Assignment: Line by line, return the listing exactly, without any of the images.

Given data:

:::

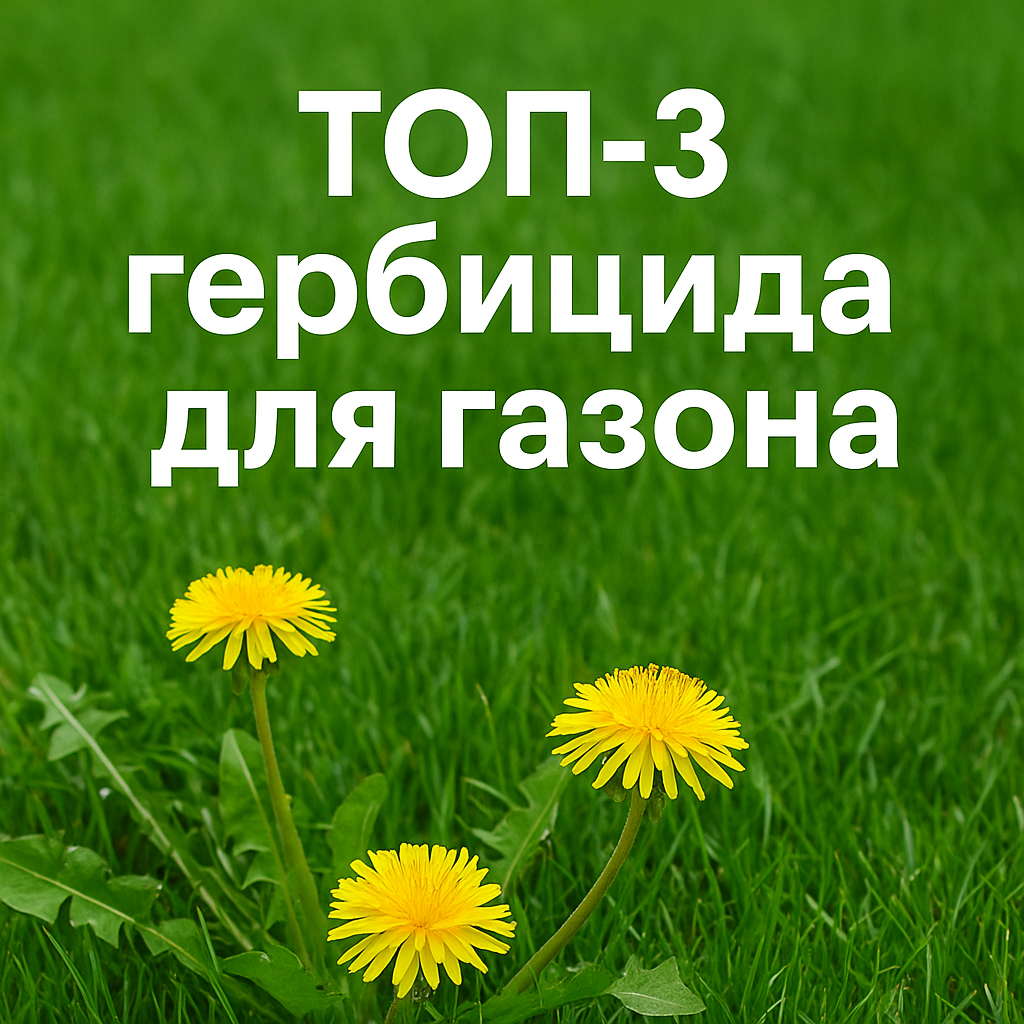 Топ 3 гербицида для газона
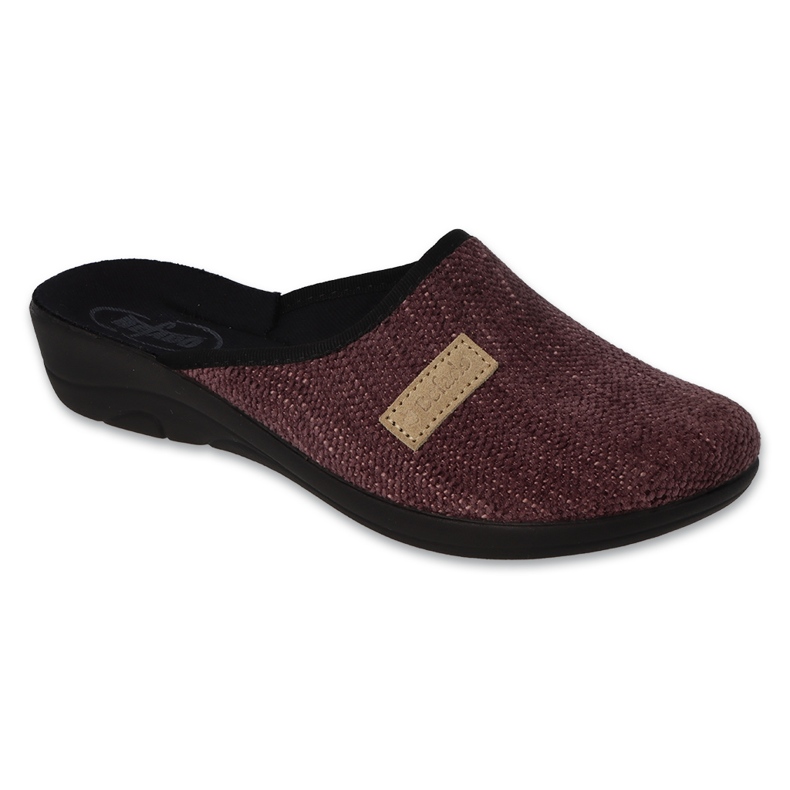 Chaussons bas femme Befado 552D020, bordeaux rouge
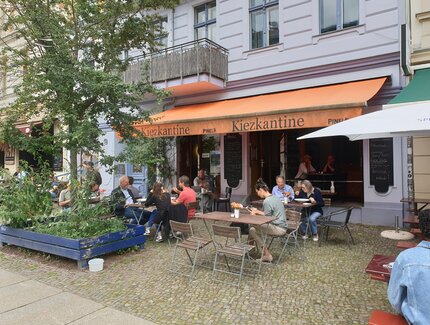 Ansicht Straße / Kiezkantine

:::

Written reply:
 Топ 3 гербицида для газона
 Chaussons bas femme Befado 552D020, bordeaux rouge
 Ansicht Straße / Kiezkantine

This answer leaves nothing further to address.